In 1989 Pyongyang hosted the World Festival of Youth and Students, a kind of socialist youth Olympics, for which it built an entire new urban quarter. The sports buildings included a gymnastics arena shaped like a set of dumbbells and a badminton stadium modelled on the arc of a flying shuttlecock.

It is a kind of representational architecture that today’s Supreme Leader Kim Jong-un is clearly keen to continue. On our tour we marvel at his new Dolphinarium, a building shaped like a big white whale, where Chinese dolphins perform tricks. There are a cluster of tapering orange and green apartment towers shooting up on the riverfront, to house university academics, designed ‘in the shape of an intellectual’s brush’ our guide tells us. The new cylindrical Changjon Street apartment towers, nicknamed ‘Pyonghattan’ by foreign diplomats, could be a stack of coins – perhaps a symbol of the huge amounts of Chinese cash now flowing into the city, which is fast seeing it change from a sleepy time-warp to something resembling the outskirts of Shenzhen. The dream of a socialist fairyland is certainly well on its way, as long as you don’t look too closely behind the shiny new facades.

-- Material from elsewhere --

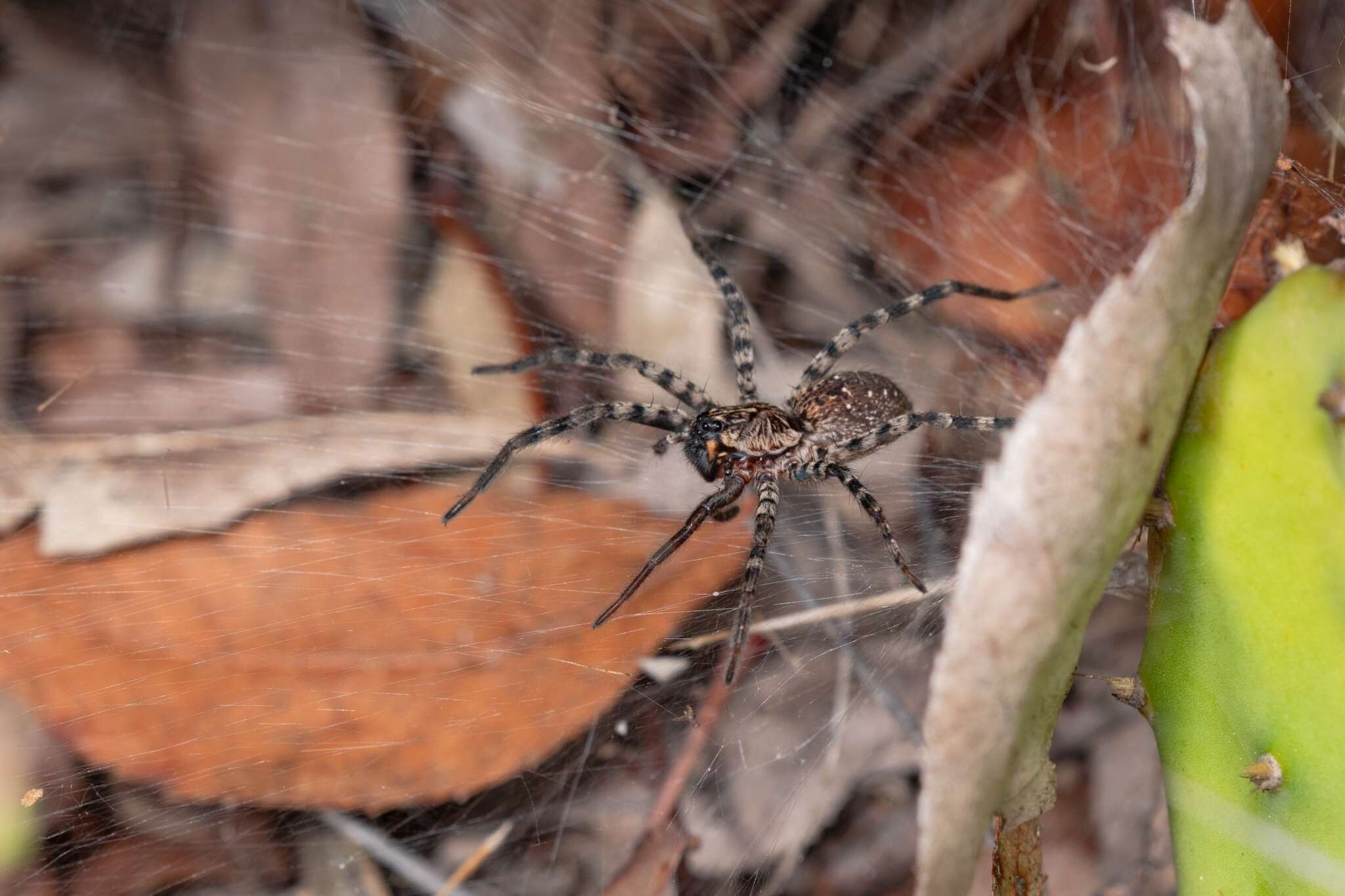 Image of Lake Placid Funnel Wolf Spider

Oliver Wainwright is architecture critic at the Guardian. Read him here every other month and at ribaj.com


Cutting edge designs

Kim Jong-il appears to have been an enthusiastic champion of participatory design and public consultation: ‘We must encourage the masses to take an active part in the work of architectural creation,’ he wrote. ‘We must adopt various methods such as the masses’ joint evaluation or assessment of draft design plans and make it a rule to assemble their opinions, analyse them, sum them up and incorporate them in architecture.’ He failed to add that anyone who didn’t agree, like the architect of the new Pyongyang airport which his son and successor Kim Jong-un took against, would be swiftly executed.